REQUIRED ACTION:
Output each line of the data word for word, from the first through the line that holds "711 5TH Street - Photo 7", and leave off whatever follows.

PROVIDED DATA:
-- Opening Marker --

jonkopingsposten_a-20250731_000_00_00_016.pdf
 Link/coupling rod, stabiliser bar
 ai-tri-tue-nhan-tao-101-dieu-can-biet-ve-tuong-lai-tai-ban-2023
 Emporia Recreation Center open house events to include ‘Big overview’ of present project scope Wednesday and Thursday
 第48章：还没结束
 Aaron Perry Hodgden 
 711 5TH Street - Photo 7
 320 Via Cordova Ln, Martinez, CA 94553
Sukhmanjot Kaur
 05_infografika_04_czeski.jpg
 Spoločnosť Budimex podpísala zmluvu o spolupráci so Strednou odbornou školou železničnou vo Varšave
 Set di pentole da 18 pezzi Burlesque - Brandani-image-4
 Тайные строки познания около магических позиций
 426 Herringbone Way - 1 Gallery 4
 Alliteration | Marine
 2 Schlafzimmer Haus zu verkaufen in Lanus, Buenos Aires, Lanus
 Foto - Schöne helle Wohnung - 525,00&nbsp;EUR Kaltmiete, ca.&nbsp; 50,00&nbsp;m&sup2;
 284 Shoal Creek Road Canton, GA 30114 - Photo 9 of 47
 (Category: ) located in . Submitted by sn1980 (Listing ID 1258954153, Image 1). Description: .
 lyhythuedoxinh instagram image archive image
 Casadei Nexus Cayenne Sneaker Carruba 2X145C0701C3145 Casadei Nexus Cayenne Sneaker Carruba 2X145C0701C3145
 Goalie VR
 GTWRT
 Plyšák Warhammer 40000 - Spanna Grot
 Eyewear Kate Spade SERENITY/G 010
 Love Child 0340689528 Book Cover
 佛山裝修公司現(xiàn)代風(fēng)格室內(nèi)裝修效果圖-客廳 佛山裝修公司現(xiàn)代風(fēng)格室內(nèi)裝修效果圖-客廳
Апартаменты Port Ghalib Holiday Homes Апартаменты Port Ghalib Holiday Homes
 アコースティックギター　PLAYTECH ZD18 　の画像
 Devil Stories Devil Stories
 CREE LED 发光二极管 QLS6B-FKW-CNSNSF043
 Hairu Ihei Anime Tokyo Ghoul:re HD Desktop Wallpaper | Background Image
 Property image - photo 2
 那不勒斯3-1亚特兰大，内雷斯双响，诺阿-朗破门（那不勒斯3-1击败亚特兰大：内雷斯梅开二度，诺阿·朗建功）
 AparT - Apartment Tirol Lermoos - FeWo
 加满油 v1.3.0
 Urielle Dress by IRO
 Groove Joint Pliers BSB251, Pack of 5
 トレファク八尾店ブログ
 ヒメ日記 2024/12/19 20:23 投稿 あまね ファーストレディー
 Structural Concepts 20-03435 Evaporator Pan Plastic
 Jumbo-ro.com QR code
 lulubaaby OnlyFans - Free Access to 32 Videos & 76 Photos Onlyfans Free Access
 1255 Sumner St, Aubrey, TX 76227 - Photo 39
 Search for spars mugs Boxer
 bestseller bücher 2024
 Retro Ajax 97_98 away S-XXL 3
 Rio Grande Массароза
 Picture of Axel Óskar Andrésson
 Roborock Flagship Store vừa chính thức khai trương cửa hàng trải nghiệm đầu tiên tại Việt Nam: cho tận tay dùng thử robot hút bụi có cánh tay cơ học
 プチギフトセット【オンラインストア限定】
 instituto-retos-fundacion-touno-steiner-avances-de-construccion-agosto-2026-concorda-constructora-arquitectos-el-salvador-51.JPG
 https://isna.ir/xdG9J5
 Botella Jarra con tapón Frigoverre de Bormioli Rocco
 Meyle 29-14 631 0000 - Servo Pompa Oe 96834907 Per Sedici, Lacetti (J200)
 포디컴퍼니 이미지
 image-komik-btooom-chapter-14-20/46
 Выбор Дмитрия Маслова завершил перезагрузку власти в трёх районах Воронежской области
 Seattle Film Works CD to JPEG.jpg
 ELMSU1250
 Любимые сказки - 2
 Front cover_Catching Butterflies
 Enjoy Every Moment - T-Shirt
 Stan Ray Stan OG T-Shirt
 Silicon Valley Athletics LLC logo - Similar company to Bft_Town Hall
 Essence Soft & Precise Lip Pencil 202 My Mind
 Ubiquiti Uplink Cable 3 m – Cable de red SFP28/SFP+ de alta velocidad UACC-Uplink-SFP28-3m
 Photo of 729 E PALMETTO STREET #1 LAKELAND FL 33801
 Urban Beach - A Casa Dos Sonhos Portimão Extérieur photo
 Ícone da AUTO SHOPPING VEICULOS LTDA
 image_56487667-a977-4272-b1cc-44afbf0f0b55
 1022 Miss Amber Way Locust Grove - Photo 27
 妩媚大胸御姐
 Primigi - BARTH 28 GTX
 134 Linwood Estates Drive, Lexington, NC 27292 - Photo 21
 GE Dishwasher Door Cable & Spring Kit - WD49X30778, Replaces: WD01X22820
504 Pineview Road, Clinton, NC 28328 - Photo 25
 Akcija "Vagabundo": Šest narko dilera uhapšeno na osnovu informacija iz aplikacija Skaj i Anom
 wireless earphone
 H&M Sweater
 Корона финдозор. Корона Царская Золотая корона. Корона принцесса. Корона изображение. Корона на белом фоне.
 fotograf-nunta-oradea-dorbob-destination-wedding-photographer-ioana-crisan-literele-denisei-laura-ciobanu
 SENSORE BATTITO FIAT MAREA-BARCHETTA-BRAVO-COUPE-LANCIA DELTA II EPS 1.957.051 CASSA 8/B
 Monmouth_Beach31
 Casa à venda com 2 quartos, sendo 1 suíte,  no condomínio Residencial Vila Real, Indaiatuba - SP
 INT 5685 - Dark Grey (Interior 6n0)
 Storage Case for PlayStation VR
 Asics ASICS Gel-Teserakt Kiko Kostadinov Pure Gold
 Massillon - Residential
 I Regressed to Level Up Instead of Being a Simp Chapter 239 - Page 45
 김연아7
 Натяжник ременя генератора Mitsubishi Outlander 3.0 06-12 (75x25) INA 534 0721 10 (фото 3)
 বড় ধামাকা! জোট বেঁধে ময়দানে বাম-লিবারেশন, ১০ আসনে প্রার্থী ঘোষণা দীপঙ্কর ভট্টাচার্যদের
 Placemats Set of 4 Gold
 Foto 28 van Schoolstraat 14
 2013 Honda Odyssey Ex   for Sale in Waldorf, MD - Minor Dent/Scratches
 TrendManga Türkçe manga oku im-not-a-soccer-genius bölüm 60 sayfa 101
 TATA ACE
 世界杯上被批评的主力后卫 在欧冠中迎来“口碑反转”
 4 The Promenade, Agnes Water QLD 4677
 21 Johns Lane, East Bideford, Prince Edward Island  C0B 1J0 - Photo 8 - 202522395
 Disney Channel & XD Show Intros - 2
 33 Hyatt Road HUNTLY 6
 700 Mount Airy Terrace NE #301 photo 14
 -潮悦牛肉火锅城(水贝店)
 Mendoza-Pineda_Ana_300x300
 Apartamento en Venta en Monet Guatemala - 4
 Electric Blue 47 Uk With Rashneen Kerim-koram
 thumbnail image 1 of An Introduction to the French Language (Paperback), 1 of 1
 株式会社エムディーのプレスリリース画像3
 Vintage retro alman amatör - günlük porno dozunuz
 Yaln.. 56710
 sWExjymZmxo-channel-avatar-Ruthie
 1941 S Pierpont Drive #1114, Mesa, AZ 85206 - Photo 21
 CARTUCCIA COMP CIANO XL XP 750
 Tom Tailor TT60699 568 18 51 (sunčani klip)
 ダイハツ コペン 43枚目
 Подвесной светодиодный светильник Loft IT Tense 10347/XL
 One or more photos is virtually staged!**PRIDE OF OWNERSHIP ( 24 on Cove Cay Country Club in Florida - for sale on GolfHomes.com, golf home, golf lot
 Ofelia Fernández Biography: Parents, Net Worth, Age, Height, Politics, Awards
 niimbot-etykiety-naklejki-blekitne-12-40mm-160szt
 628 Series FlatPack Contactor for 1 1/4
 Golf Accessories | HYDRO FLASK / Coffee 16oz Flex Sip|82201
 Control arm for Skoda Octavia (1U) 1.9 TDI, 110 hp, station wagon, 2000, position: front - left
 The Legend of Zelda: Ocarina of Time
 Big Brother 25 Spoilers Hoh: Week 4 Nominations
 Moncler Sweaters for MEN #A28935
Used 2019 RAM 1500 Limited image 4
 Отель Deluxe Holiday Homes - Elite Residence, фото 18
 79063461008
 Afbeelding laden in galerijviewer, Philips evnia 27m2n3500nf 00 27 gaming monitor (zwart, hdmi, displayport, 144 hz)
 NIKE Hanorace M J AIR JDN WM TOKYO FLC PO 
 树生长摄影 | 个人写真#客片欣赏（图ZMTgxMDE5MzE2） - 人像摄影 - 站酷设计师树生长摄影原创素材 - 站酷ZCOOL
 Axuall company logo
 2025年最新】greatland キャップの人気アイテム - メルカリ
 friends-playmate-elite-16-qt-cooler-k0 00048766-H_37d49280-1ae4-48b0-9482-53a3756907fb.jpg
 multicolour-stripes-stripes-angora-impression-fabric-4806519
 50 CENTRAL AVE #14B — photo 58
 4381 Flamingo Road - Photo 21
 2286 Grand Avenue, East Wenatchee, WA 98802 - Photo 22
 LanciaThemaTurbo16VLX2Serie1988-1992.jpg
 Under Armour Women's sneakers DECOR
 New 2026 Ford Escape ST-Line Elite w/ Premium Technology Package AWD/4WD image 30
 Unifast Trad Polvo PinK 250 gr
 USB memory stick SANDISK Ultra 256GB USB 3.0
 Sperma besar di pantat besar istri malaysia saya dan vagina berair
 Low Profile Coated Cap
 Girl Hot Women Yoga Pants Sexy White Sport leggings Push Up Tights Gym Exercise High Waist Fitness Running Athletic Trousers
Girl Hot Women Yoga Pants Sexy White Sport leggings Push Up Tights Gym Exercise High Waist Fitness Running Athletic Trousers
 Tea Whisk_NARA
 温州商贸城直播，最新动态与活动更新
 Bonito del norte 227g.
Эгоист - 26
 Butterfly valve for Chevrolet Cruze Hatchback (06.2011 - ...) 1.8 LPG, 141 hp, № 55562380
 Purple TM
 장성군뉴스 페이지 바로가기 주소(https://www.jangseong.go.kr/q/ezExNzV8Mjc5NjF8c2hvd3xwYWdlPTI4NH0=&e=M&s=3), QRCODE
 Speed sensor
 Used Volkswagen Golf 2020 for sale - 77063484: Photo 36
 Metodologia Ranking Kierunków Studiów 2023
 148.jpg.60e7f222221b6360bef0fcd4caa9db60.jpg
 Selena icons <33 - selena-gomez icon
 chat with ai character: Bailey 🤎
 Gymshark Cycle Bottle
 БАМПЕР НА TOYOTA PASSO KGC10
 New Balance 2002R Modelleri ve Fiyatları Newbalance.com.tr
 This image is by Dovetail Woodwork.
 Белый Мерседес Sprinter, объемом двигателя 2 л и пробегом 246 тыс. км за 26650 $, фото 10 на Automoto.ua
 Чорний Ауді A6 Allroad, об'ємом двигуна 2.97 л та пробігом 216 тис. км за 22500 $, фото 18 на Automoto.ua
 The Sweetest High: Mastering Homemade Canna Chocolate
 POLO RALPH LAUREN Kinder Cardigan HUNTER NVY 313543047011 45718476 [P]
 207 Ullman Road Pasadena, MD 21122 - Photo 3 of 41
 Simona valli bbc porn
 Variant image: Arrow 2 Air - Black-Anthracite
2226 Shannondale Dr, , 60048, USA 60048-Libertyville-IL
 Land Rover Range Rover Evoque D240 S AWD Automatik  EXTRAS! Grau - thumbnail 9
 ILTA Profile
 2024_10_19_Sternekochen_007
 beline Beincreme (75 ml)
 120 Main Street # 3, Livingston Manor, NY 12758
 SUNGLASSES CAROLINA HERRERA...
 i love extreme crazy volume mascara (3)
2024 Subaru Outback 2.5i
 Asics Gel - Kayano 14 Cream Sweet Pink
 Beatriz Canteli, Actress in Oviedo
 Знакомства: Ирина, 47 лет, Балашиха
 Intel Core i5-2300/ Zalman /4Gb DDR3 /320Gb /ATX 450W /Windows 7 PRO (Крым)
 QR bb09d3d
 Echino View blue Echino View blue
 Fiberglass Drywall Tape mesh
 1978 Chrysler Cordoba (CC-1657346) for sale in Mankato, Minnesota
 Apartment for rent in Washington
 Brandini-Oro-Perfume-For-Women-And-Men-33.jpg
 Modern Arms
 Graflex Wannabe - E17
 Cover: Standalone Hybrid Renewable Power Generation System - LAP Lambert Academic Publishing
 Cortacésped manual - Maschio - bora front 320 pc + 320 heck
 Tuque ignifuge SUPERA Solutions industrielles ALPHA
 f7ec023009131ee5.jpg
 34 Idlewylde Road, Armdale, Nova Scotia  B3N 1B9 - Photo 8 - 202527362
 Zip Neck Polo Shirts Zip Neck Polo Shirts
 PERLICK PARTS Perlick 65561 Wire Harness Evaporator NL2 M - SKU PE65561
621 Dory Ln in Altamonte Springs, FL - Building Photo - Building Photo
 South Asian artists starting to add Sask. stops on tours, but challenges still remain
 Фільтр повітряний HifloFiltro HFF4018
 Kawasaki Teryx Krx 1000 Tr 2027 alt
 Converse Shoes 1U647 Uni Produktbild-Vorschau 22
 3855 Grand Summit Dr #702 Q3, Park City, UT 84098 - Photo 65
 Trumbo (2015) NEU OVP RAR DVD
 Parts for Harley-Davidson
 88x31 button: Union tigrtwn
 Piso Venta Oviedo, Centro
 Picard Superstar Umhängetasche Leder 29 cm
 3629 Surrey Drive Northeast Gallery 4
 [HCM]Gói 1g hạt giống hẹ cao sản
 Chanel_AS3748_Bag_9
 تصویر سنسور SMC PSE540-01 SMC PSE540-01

-- Closing Marker --

SOLUTION:
jonkopingsposten_a-20250731_000_00_00_016.pdf
 Link/coupling rod, stabiliser bar
 ai-tri-tue-nhan-tao-101-dieu-can-biet-ve-tuong-lai-tai-ban-2023
 Emporia Recreation Center open house events to include ‘Big overview’ of present project scope Wednesday and Thursday
 第48章：还没结束
 Aaron Perry Hodgden 
 711 5TH Street - Photo 7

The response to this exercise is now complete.